The Year of Open Doors (editor)
The Year of Open Doors is a collection of new work by nineteen of the most promising young writers in Scotland, edited by Rodge Glass and published by Cargo, a team of young, dedicated folks led by Mark Buckland who graduated from Strathclyde University in 2009 and immediately set up the company.
The authors in The Year of Open Doors went on an extensive tour across the country throughout 2010 taking in everything from major festivals to tiny library readings, and the collection was also released as a successful audio book in association with highly regarded Scottish independent label Chemikal Underground. Irvine Welsh, who later wrote a Foreword for the paperback edition, called The Year of Open Doors ‘a very important book…a genuine breakout collection’, The List magazine called it an ‘immaculate collection’ and the review in The Scotsman said: “Cargo Publishing has taken a risk here…[it] has paid off in spades. Deserves to be read. And recommended.”

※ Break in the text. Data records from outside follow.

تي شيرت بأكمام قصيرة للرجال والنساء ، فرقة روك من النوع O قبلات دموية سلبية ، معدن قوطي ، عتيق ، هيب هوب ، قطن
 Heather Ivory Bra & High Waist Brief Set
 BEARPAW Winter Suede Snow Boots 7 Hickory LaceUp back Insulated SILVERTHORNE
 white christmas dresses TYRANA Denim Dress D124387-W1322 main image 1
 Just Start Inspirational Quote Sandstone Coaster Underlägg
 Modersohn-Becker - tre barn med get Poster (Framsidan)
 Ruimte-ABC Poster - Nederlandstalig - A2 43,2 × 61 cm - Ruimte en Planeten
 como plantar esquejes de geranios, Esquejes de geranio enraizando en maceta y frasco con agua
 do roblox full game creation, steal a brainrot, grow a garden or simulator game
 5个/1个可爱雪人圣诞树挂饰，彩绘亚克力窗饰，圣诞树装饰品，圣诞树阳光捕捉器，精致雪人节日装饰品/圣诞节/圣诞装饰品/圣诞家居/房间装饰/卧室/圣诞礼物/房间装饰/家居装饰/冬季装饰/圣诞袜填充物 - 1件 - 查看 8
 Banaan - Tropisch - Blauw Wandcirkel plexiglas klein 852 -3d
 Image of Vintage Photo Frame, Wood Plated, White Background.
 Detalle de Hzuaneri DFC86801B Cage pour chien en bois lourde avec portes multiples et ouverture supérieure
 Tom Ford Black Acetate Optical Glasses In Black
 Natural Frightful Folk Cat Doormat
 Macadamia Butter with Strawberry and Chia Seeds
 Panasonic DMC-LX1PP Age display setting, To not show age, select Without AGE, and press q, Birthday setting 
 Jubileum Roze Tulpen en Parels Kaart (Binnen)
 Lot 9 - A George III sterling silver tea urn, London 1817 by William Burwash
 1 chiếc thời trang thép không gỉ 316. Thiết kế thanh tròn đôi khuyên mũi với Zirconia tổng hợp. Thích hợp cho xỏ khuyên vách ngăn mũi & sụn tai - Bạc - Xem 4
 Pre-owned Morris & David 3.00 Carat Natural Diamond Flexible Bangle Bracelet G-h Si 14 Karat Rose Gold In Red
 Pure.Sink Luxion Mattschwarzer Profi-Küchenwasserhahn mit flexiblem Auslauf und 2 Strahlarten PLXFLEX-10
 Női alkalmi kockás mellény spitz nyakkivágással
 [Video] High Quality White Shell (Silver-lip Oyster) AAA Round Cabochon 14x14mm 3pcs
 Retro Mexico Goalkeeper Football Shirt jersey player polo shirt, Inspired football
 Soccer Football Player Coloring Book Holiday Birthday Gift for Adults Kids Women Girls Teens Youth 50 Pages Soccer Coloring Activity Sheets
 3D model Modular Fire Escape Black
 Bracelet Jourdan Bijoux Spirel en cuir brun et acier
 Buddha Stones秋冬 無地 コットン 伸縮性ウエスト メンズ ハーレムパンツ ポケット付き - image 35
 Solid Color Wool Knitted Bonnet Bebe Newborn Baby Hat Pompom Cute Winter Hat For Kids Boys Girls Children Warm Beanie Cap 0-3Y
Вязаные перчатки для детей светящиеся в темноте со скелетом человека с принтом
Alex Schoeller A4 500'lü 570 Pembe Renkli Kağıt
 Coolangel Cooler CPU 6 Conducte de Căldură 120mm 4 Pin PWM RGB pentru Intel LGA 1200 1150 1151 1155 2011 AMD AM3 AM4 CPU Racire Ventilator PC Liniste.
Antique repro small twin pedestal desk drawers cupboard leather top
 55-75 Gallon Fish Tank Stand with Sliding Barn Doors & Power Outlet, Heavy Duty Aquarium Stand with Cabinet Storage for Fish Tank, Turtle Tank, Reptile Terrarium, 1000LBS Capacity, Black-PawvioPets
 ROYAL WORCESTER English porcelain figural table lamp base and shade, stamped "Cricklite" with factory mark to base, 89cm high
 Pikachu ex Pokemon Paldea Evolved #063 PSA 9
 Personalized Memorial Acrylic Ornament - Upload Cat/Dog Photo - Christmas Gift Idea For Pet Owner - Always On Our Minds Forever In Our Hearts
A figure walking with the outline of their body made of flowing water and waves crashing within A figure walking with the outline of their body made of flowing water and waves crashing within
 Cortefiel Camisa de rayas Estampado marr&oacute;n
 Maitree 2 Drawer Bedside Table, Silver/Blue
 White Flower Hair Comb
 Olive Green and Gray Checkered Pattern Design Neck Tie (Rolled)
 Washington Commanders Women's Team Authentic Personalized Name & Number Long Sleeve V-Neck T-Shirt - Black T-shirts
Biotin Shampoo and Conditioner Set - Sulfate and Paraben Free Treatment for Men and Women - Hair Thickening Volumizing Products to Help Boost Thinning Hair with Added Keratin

The Year of Open Doors, which also includes an Introduction by Rodge, was published in July 2010. It features the following writers: Alan Bissett, Nora Chassler, Sophie Cooke, Jason Donald, Kirstin Innes, Doug Johnstone, Kapka Kassabova, Helen Lynch, Anneliese Mackintosh, Duncan MacLean, Kevin MacNeil, Daibidh Martin, Micaela Maftei, Aidan Moffat, Colette Paul, Suhayl Saadi, Tawona Sithole, Allan Wilson and Ryan Van Winkle.
Dougie’s War, co-written with Dave Turbitt and Adrian Searle
Dougie’s War is a graphic novel which tells the story of Dougie Campbell, who returns from serving in Afghanistan to his Glasgow home, and deals with the mental war that begins when the physical war ends. Partly funded by Veteran Scotland and dealing with the issue of PTSD, the tale is written by Rodge, with artwork by Dave Turbitt and additional essays by Adrian Searle. Dougie’s War is a hybrid, part-comic, part-homage to the classic Charley’s War (the first comic to deal with what used to be known as ‘shell shock’), and part factual investigation based on months of research with Scottish soldiers who have served all over the world in the past five decades.
The book was published in September 2010 by Freight, an award-winning, independent graphic design and publishing company based in Glasgow, also responsible for Gutter, Scotland’s top literary magazine. It received extensive notices in the broadsheets as well as traditional comic press, with The Spectator saying it “raises questions about the validity of the wars our country is conducting and, particularly, the effect these conflicts have on those involved”. The Sunday Herald said “its attempt to be honest, without being sensational or voyeuristic about the tragedy of war, is a successful and admirable one” and The Big Issue reported that Dougie’s War is “a hard-hitting tale of post traumatic stress syndrome… it hammers home its message without being preachy… as forceful as any conventional novel or non-fiction account”.
Find out more about Dougie’s War at www.dougieswar.com
Bring Me the Head of Ryan Giggs
Mark Wilson’s whole life has been about the moment when he steps on to Old Trafford to make his first appearance for Man Utd. But when a wayward pass from Ryan Giggs leads to THE WORST DEBUT EVER, Mark’s schoolboy obsession with him develops into something more dangerous.
Fifteen years later, after a career interrupted by drinking, injury, gambling, RESTRAINING ORDERS and burglary, Mark is now sober, gainfully-employed and looking forward to watching United at their CHAMPIONS LEAGUE-WINNING BEST. Most importantly for Mark, he is reconciled with the mother of his son, little Ryan. But as the old urges continue to struggle for voice in his head, can he keep his eye on the goal?